As always Anna read a variety of books this week, but I want to try something different and limit my reviews to one “theme” if I can. We do usually have a theme going and now we are trying to tie it to something she is learning in school. In science they were learning more about trees, so I am going to highlight our favorite tree books that we found this week.
The Big Tree by Bruce Hiscock was an accidental library find. It is a nice cross between a fiction book and a non-fiction book, and Anna picked up on it by exclaiming in the middle of the story, It’s the science book and a story book and a history book too. The book does weave different historic events into the story of an old maple tree, and it also includes a lot of scientific facts about the trees in general and maple trees in particular.

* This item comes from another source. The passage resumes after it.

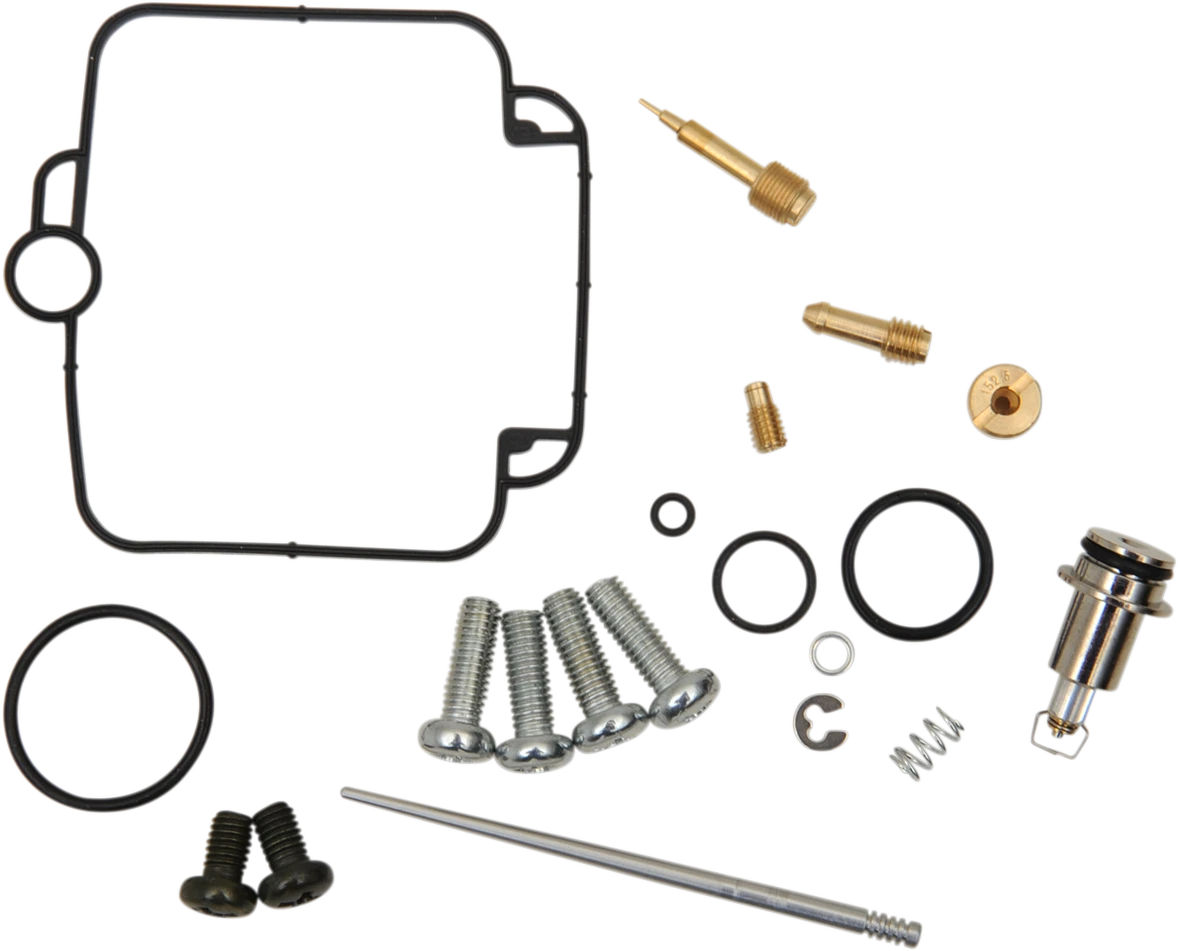 Carburetor Repair Kit for Polaris (26-1020)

The story is long, so I would say 5+ is a reasonable age for it.
Now let’s travel from New York to the Amazon Rainforest and read a gorgeously illustrated book by Lynne Cherry – The Great Kapok Tree. This is a fiction book, where various animals and a native child explains why their tree has to be spared by a logger who came to chop it up. Anna said that the book is sad, and I agree with her. It is sad that Amazon Rainforest is in danger, and it also means that all of us are endangered as well.
We have Flowers and Trees from Child’s First Library of Learning set in our home library, so we looked up some questions about trees that Anna found interesting, such as How Do Leaves Change Color? and How Big Do Trees Grow? Anna was excited to learn that she has already seen the tallest trees in the world – we are lucky to live so close to them. We do like all the books from this series even though the order of the questions makes very little sense. It probably makes a lot of sense to my 4 year old though :)
I can’t resist to include Our Family Tree in the list of our tree books of the week. It has nothing (or very little) to do with trees. Since we are evolutionists, I was on lookout for a while for a good “introduction to evolution” books for children. Our Family Tree comes pretty close to what I was looking for, but it kind of fails to communicate the span of time it took to transform single cell organisms into human beings. It does have a timeline and some more details in the back of the book for older kids, so overall I do recommend this book for evolution-minded families.